(About this task): Keep the pictures out. Copy every line of the listing exactly.

(Data listing):

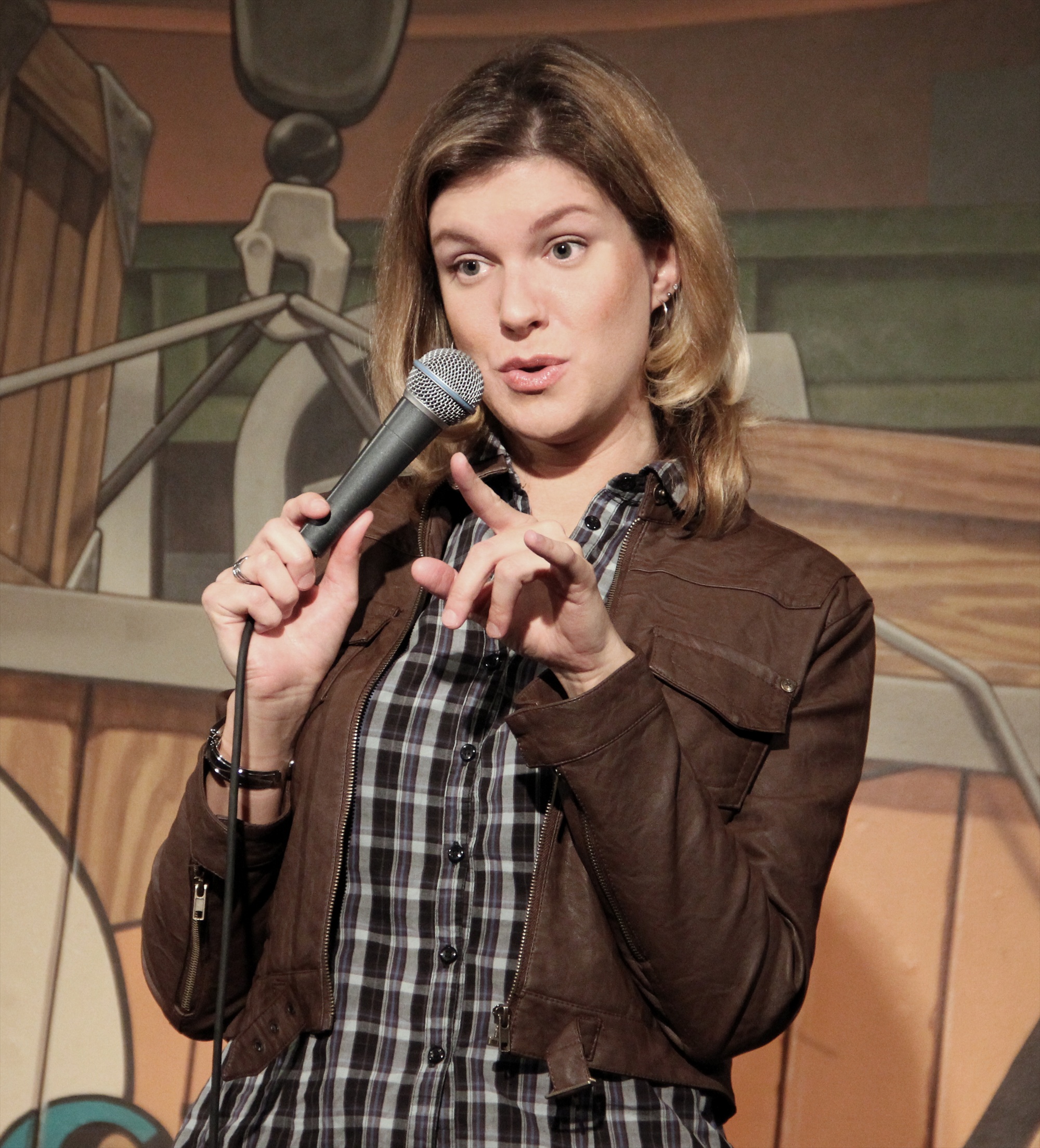 Comedian Kate Brindle gesturing with both hands while speaking into a microphone during a stand‑up set.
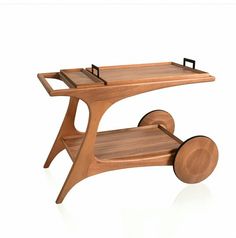 a wooden table with wheels on it and two trays attached to the top shelf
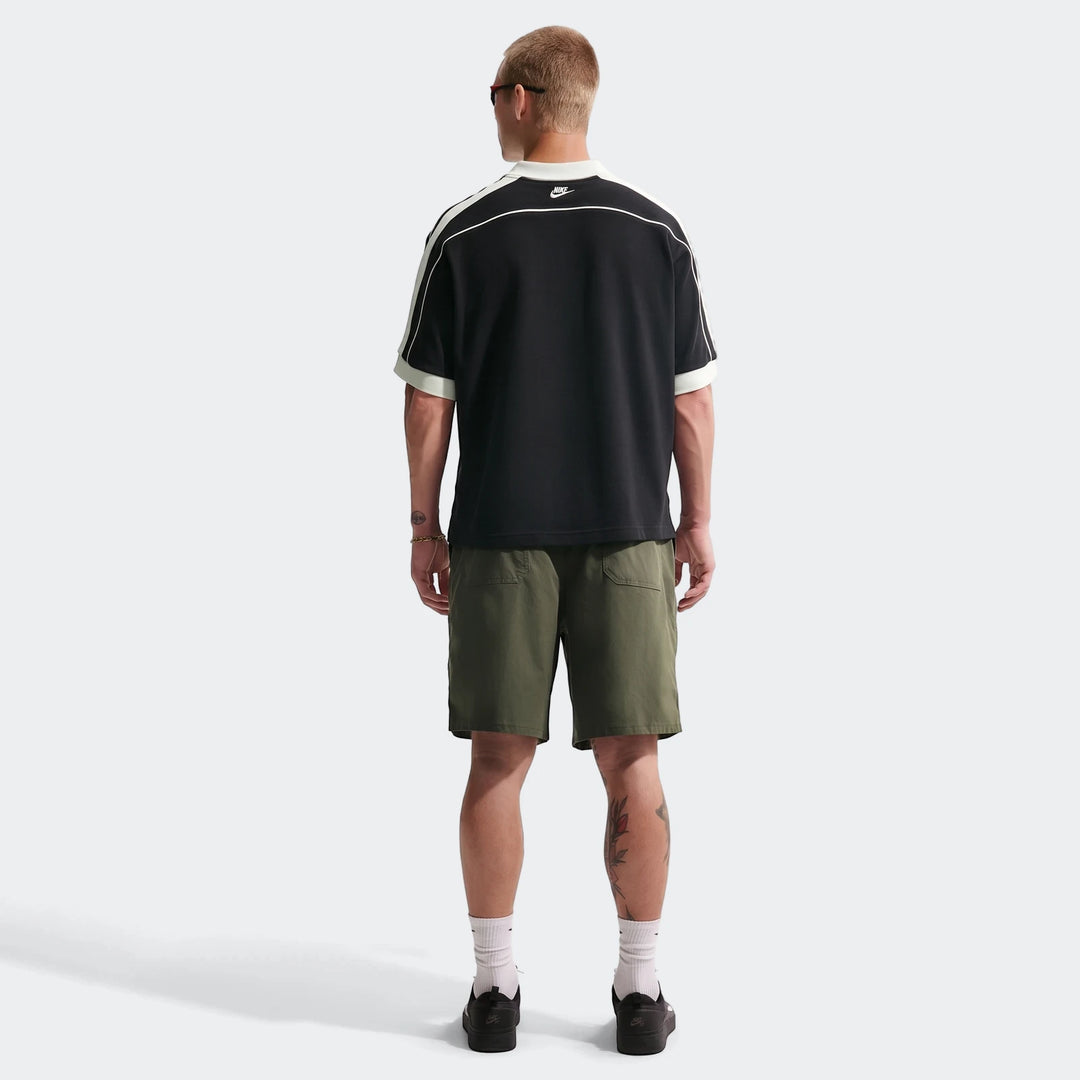 Rear view of a man wearing a Nike Sportswear Club black oversized short-sleeve polo, olive shorts, and black sneakers.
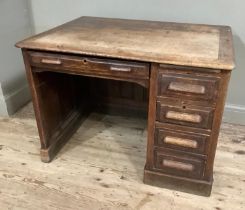 An early 20th century oak desk having a drawer flanked by four small drawers to the knee hole with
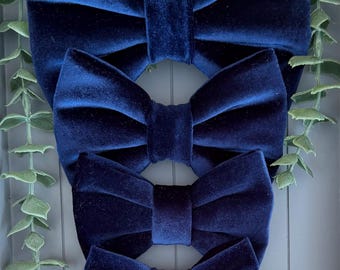 May include: A set of four navy blue velvet bow ties arranged in a vertical column from largest to smallest. Each bow tie features a soft, plush texture with a central fabric knot, showcasing a deep, rich blue color and a classic, symmetrical shape.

(Solution below):
 Comedian Kate Brindle gesturing with both hands while speaking into a microphone during a stand‑up set.
 a wooden table with wheels on it and two trays attached to the top shelf
 Rear view of a man wearing a Nike Sportswear Club black oversized short-sleeve polo, olive shorts, and black sneakers.
 An early 20th century oak desk having a drawer flanked by four small drawers to the knee hole with
 May include: A set of four navy blue velvet bow ties arranged in a vertical column from largest to smallest. Each bow tie features a soft, plush texture with a central fabric knot, showcasing a deep, rich blue color and a classic, symmetrical shape.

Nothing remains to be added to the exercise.